*Work item*:
Retype exactly the lines of the listing below from the one with "1 Bedroom Flat" through the last, both included, and leave every picture out.

*Recorded information*:
+--

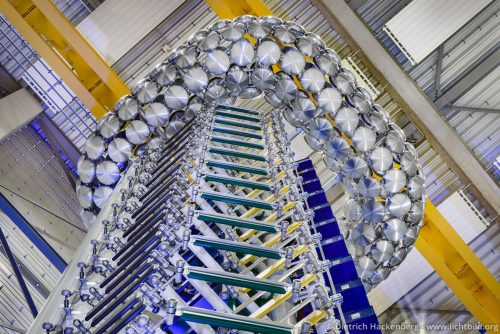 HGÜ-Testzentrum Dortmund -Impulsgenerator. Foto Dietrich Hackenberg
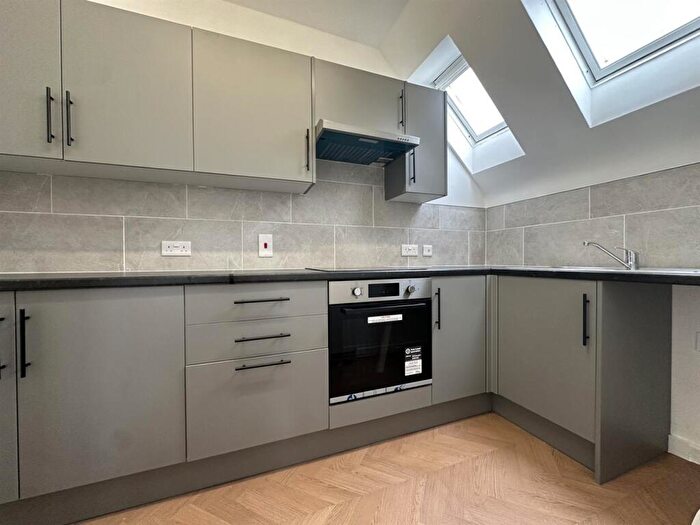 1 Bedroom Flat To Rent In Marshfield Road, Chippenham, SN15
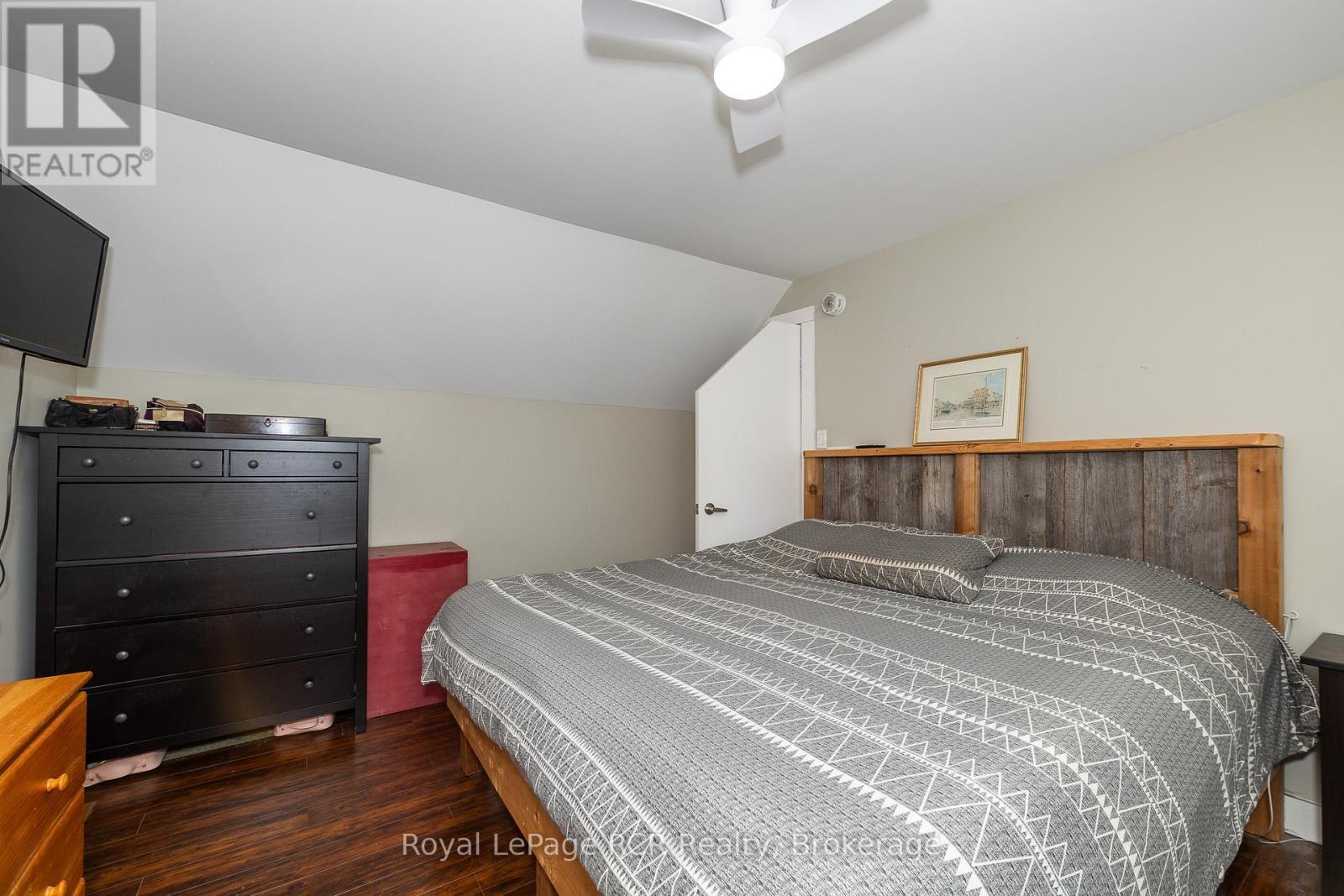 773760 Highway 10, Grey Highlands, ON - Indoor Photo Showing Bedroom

+--

*Solution*:
 1 Bedroom Flat To Rent In Marshfield Road, Chippenham, SN15
 773760 Highway 10, Grey Highlands, ON - Indoor Photo Showing Bedroom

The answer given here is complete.